The Bells of Rhymney: A Song Source Pilgrimage
I found myself in England one Christmas and as is traditional, I went to Wales for Christmas. Along the journey I noticed I was passing not far from towns whose names I knew from a song. And I hatched a hair-brained scheme to come back sometime and sing that song in all of those towns. It might have come to nothing, but early in the next year, for two weekends in a row I could find no place to stay in Bristol. So I spent a week in Wales, bicycling, putting my bicycle on trains, riding trains, taking my bicycle back off those trains, trying to figure out which church I should hike to and film at. I stayed for one night each in a number of AirBnBs in or near those towns, some of which turned out to be valleys. I broke the hinge on my laptop, which eventually cracked the screen. Hopefully it was worth it. My wife still owns half of this laptop. I've only ever done something like this once before when my wife and I happened to be driving through Kentucky and saw on the map the word "Paradise" just a few miles from our route.
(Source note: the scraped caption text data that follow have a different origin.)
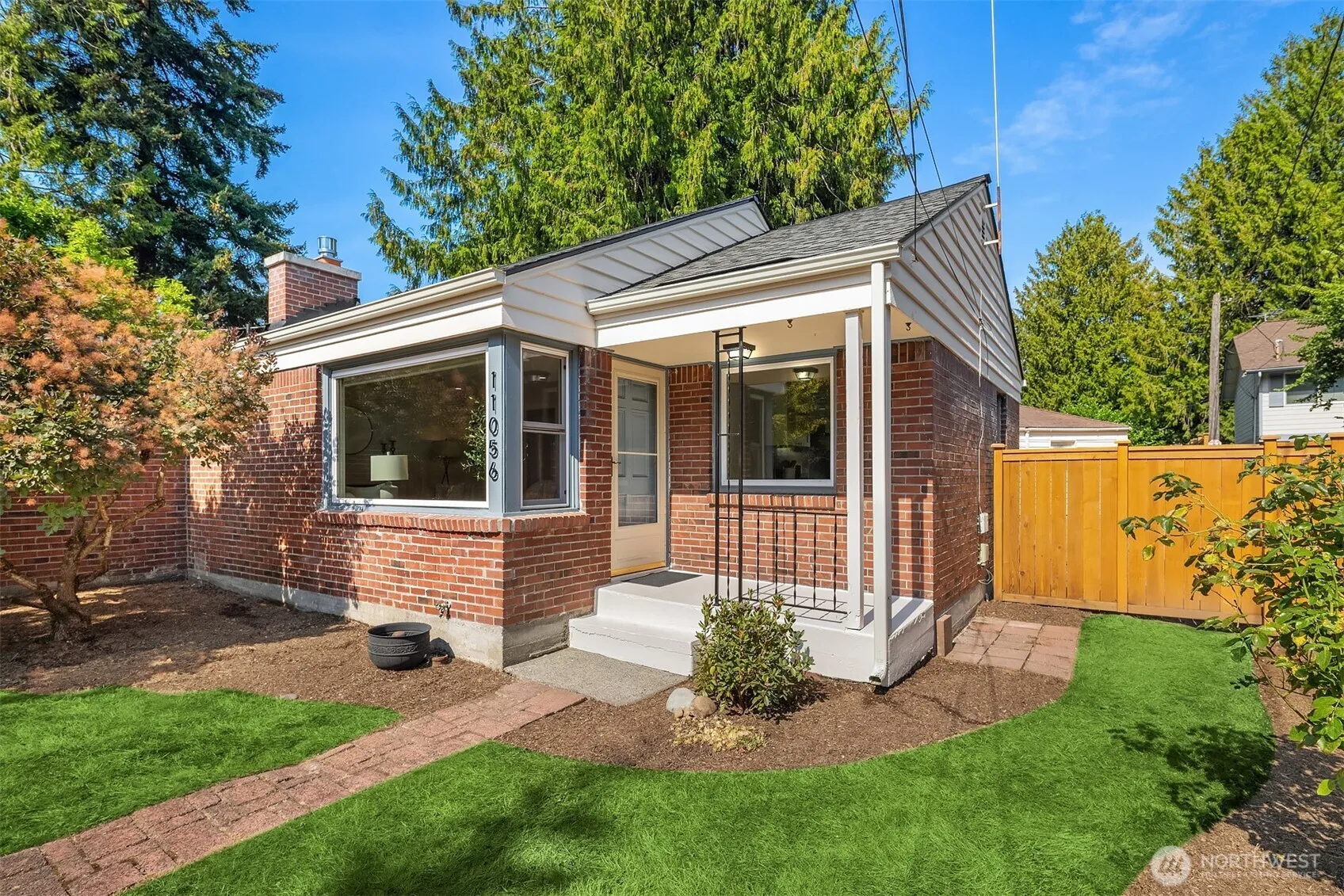 Property photo for 11056 Goodwin Way Ne, Seattle photo 2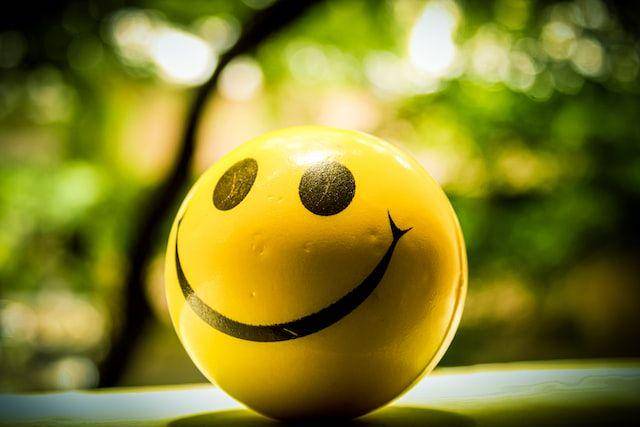 Emoji 😊 Artinya 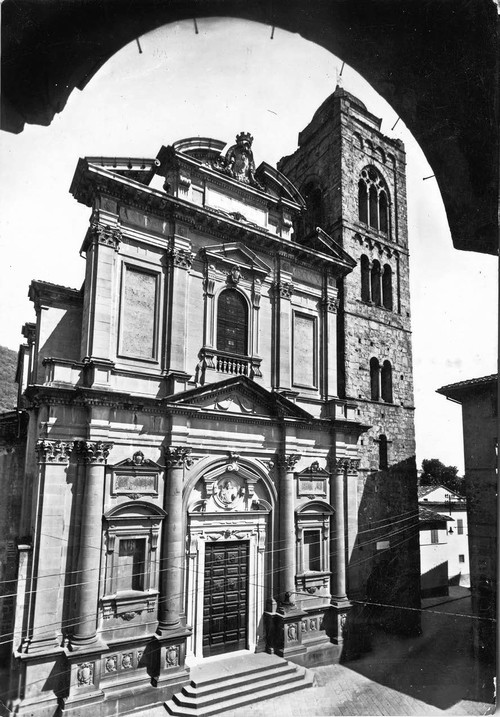 5/ - La facciata del duomo, ritratta dalla chiesa della Maddalena, in una cartolina fotografica stampata nei primi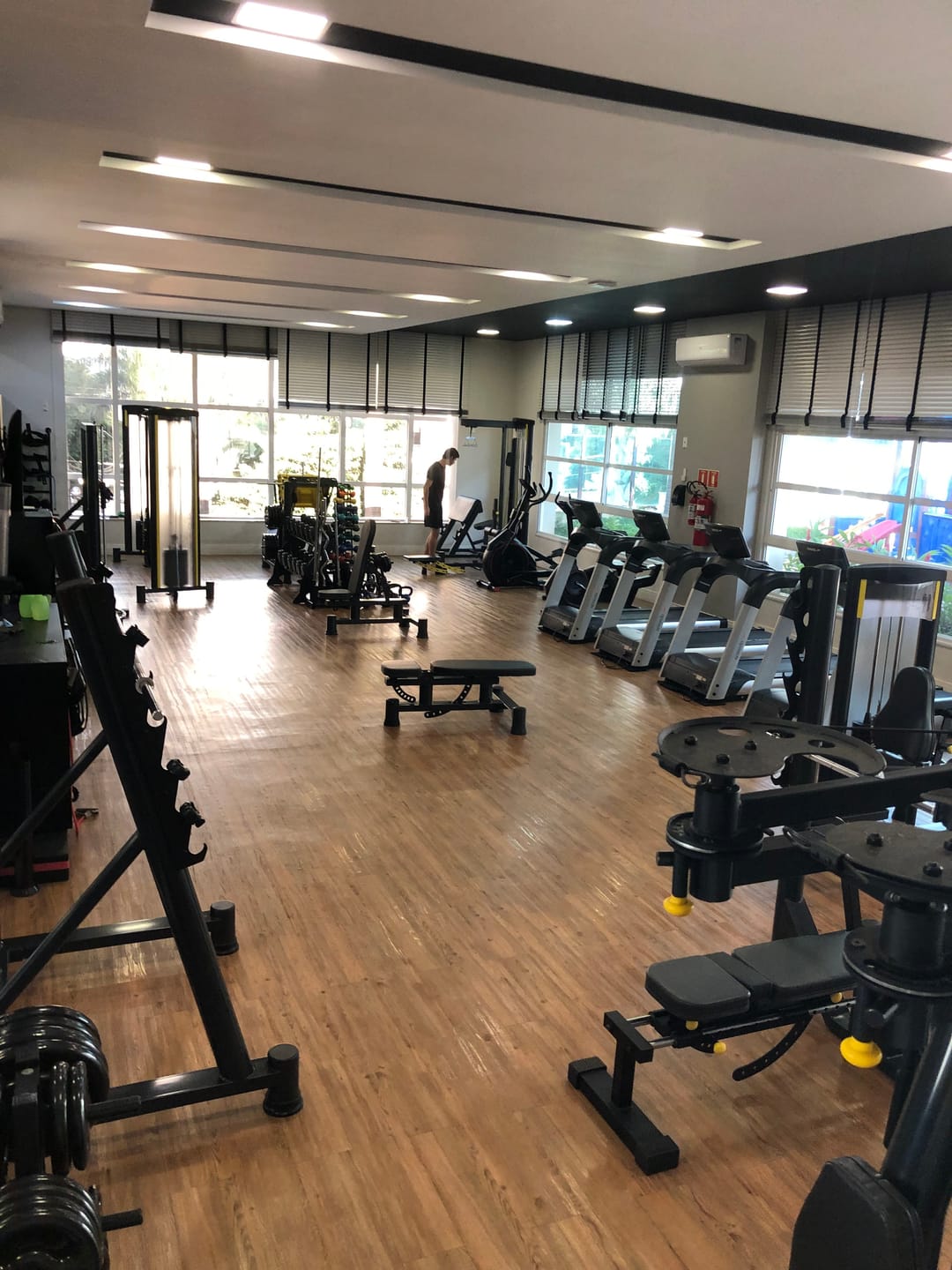 Apartamento à venda, Edifício Le Blanc, 236m² úteis, 3 suítes, 4 vagas, elevador privativo, ampla varanda gourmet - Gleba Palhano, Londrina, PR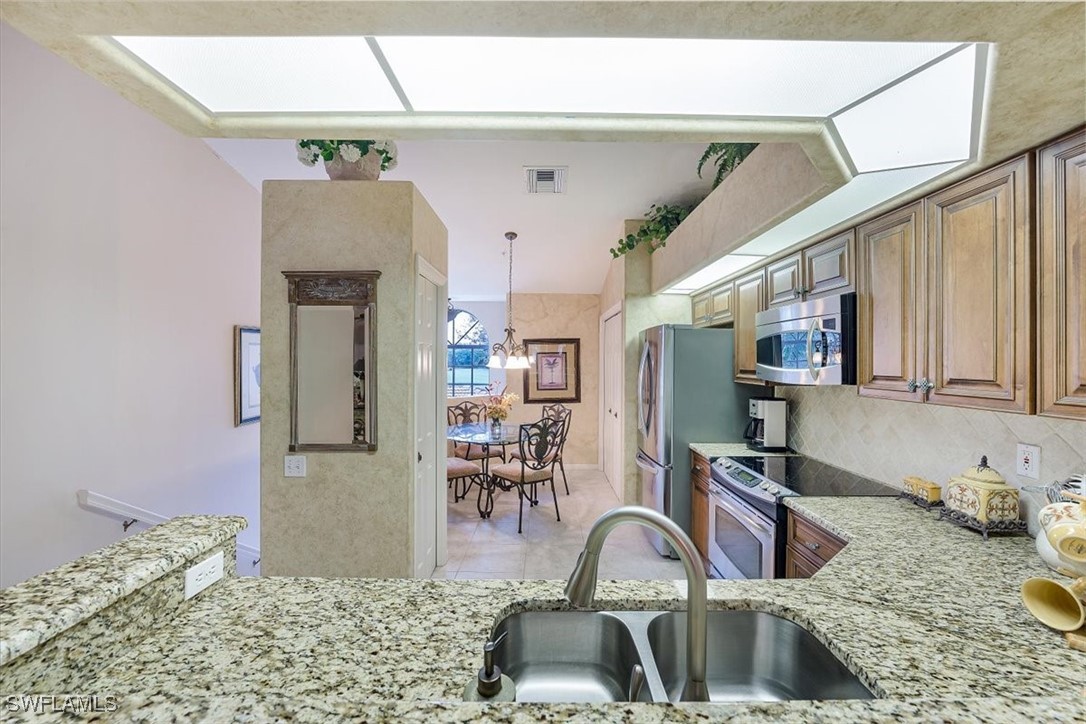 3 Bed Waterfront Home for Sale in Amberley Court, photo 10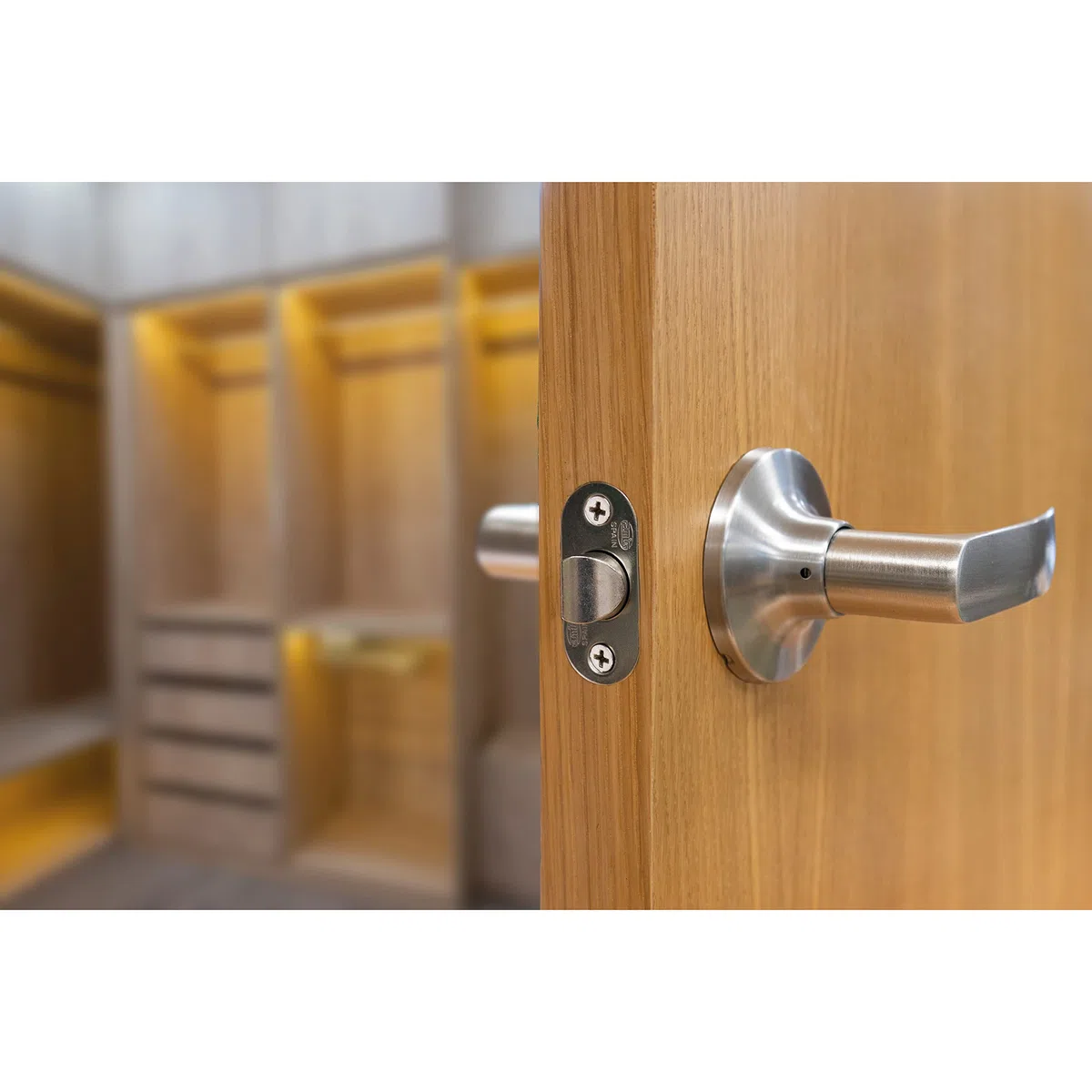 Amig - Ensemble de Poignées avec Pêne pour Portes | Poignée pour Portes d'Intérieur | Design Élégant et Simple Idéal pour votre Maison ou Bureau | Acier | Chrome Mat | Pêne d'Entrée 60/70 mm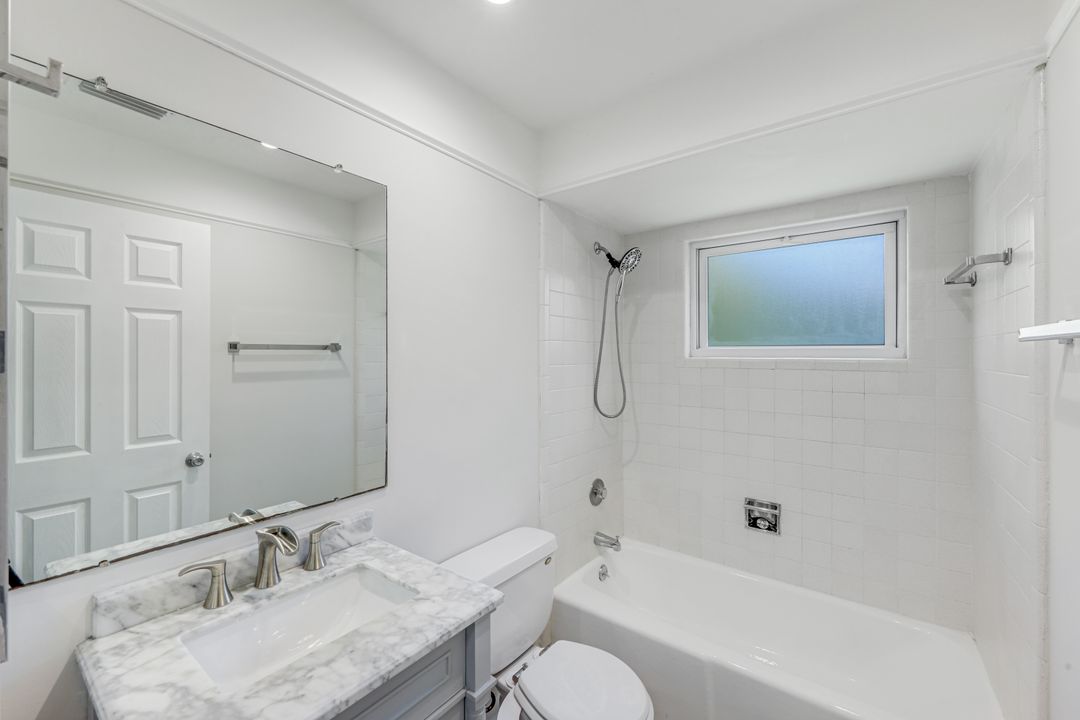 4240 SE 3rd Ave, Cape Coral, FL 33904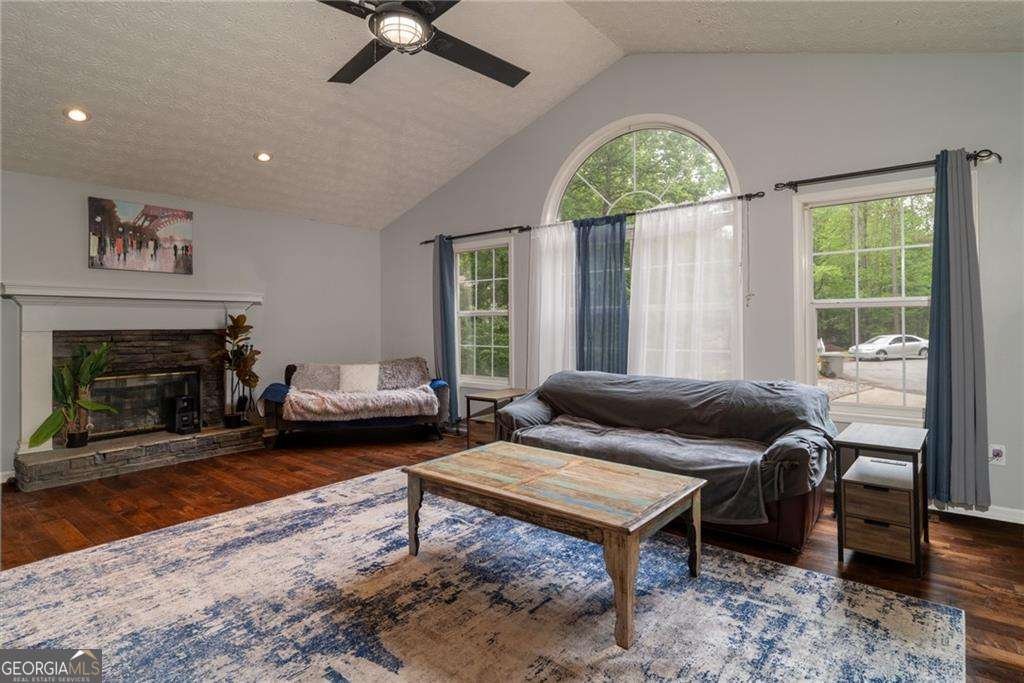 204 Queensbury Court Acworth - 6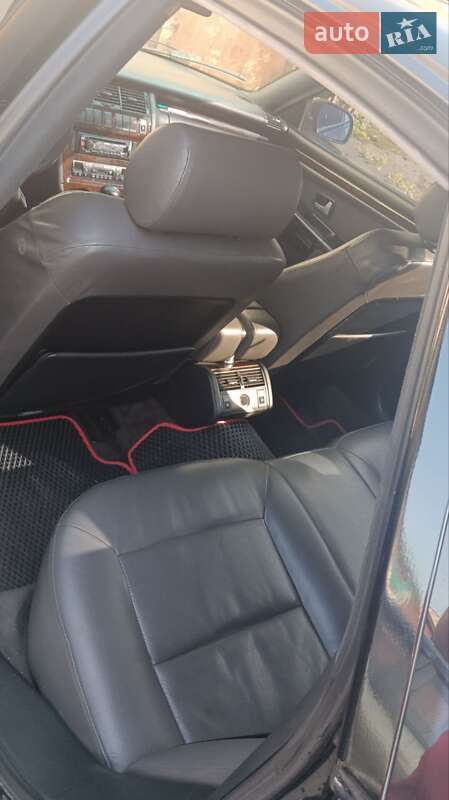 Седан Audi A8 1995 в Славуте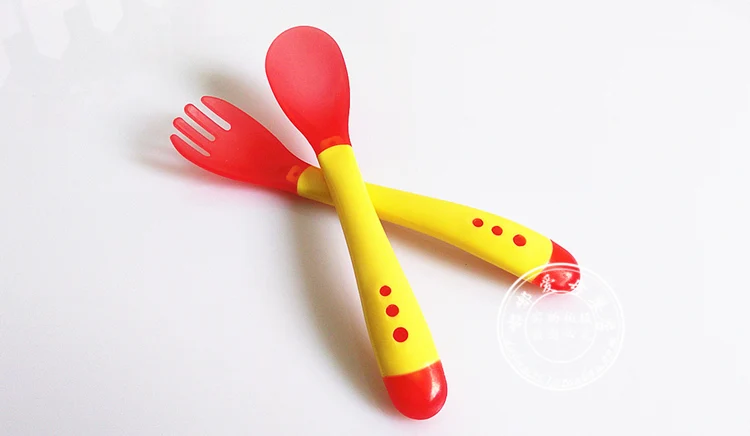 Миска для еды с чувствительной температурой, Обучающие Детские блюда с присоской, ложка для кормления, миска для кормления детей, детская посуда - Цвет: Spoon Yellow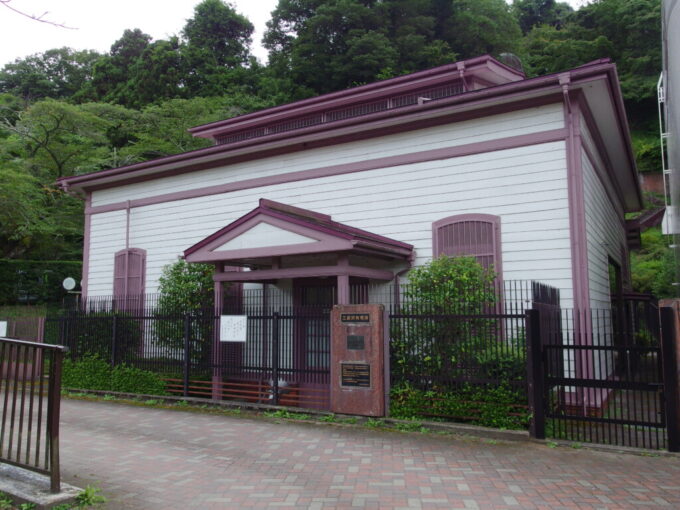 9月上旬晩夏の仙台110年以上の歴史を持つ三居沢水力発電所建屋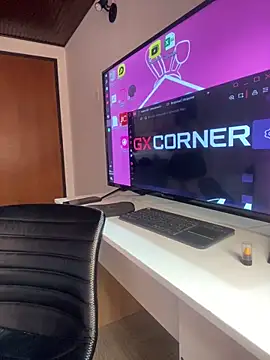 LunaMoore Pink online show from December 2025 12:29:02 PM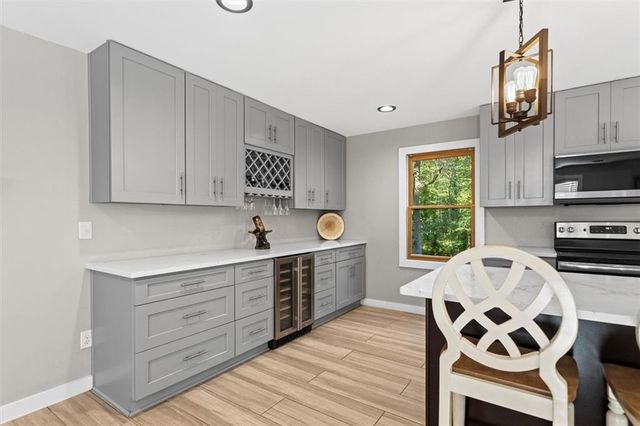 2731 Brackenwood Drive, Snellville, GA 30039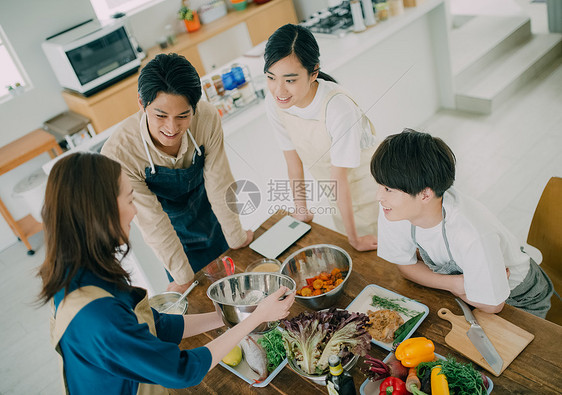 起居室轰趴聚会男女做美食生活图片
She found out that this is a thing people do, not just us. We think it might be called a "Song Source Pilgrimage"' but we're not sure. It's a newish thing as far as we know. That video is on the channel, and now this one is, too.
The words are part of a poem written by Welsh Poet Idris Davies in his book Gwaila Deserta, or Desert of Wales, from the 1920s which lamented what coal mining had done to the valleys of southern Wales. This particular part was quoted by Dylan Thomas in a book read by Pete Seeger, who then put them to music in the 50s or 60s. And then the Byrds recorded it, which is probably where you are familiar with it from if at all. John Denver did too, back when his name was still officially H.J. Deutschendorf Jr. When not in Bristol for...reasons...I live in Minneapolis, where a man named Robert Zimmerman from a small town further North, renamed himself after Dylan Thomas. He also recorded this song.